Every
year, my brother and I do a week long motorcycle trip together. This year’s version consisted of driving
rain, hail, broken tent poles, three inches of water in my basement at home,
two flooded vehicles and a wind so strong that it blew us off the highway and
into the ditch. It was the worst
vacation ever!
Standing
on the on the side of the road in the middle of North Dakota with rain pounding
down on me, I began to think, “This should not be happening to me! I am a nice guy who tries to help people all
the time. I deserve better than this!”
Honestly, though, that is not
true. In fact, it is not even
logical. Bad things happen all the time,
so why should I be exempt from them?
Logically speaking, bad things ought to happen to me once in a
while.
More
than that, though, those thoughts are not scriptural.
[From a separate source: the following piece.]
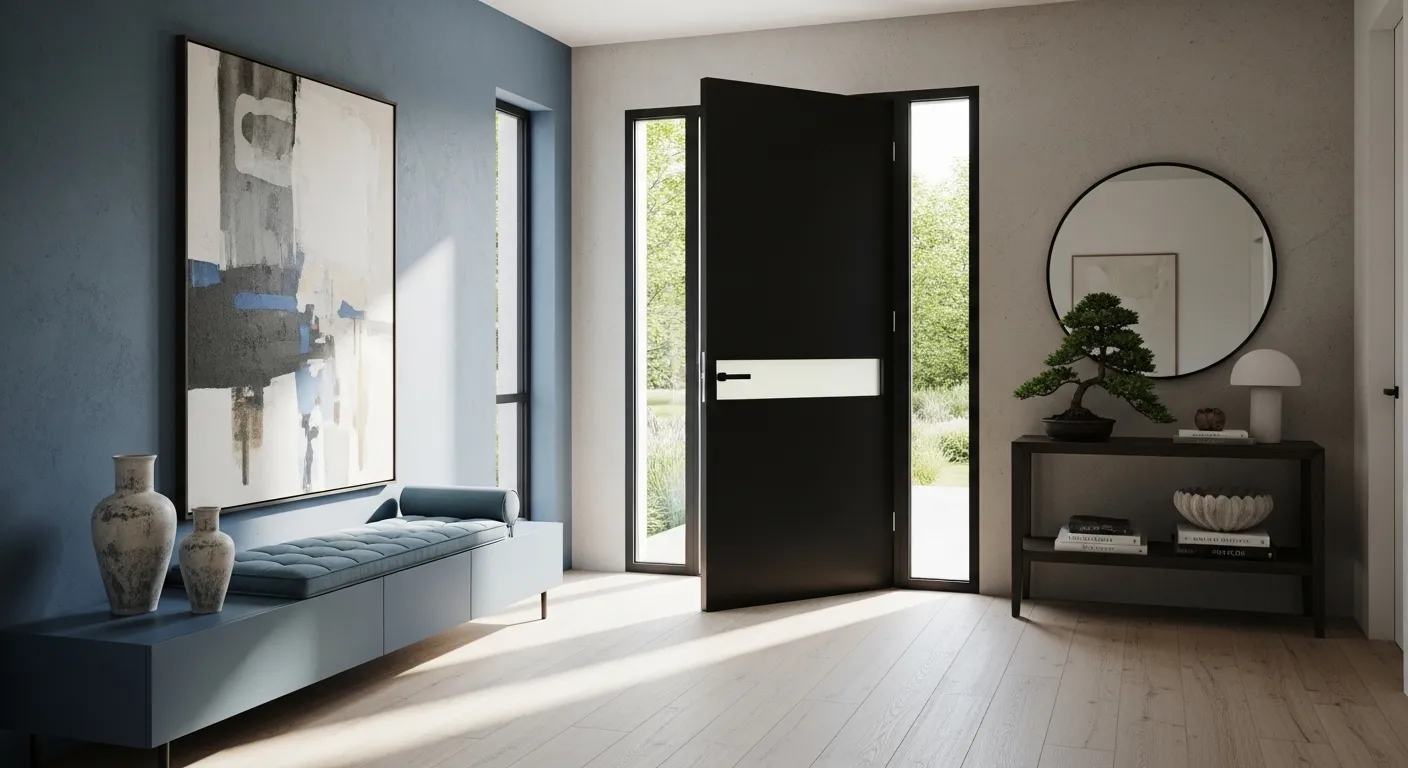Japandi entryway with dusty blue bench, black door, and round mirror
Some believe that if you follow God
everything will be easy, but even a cursory reading of God’s word would prove
that is not true. Jesus himself plainly
said, “In this world you will have trouble!” (John 16:33)
In Luke
eight, the disciples are caught in a huge storm on the Sea of Galilee and they
are scared to death. Eventually, Jesus
calms the sea and saves them, but it is worth noting why they got caught in the
storm in the first place. Verse twenty-two tells us that Jesus told them to get
in the boat and go out there! Rather
than always protecting us, it seems that God sometimes allows us to experience less
than desirable circumstances in order to teach us something that we could not
learn in any other way.
We must
stop thinking that bad things should not happen to us. Jesus did not come to make your life easy or
safe. He came to give you a way home.
“Therefore
we do not lose heart. Though outwardly we are wasting away, yet inwardly we are
being renewed day by day. For our light and momentary troubles are achieving
for us an eternal glory that far outweighs them all. So we fix our eyes not on
what is seen, but on what is unseen, since what is seen is temporary, but what
is unseen is eternal” (2 Corinthians 4:16-18).